-- About this task --
Set the whole listing down again, word for word, with no pictures.

-- Information provided --
+ + + + + + +
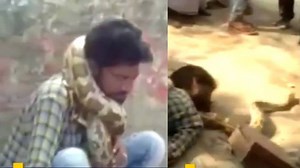 On cam: Python attacks snake charmer in UP’s Mau | The Times of India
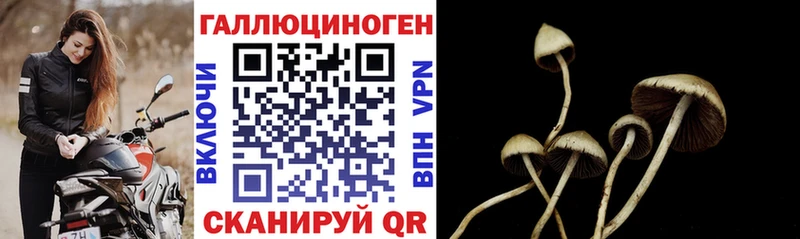 Псилоцибиновые грибы GOLDEN TEACHER Новочебоксарск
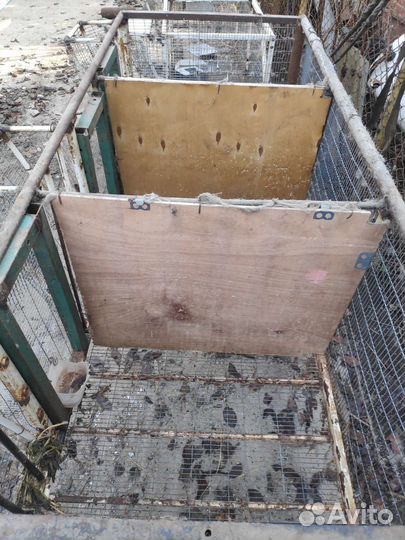 Клетки для с/х животных (кролики, нутрии)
+ + + + + + +
-- Exercise response --
 On cam: Python attacks snake charmer in UP’s Mau | The Times of India
 Псилоцибиновые грибы GOLDEN TEACHER Новочебоксарск
 Клетки для с/х животных (кролики, нутрии)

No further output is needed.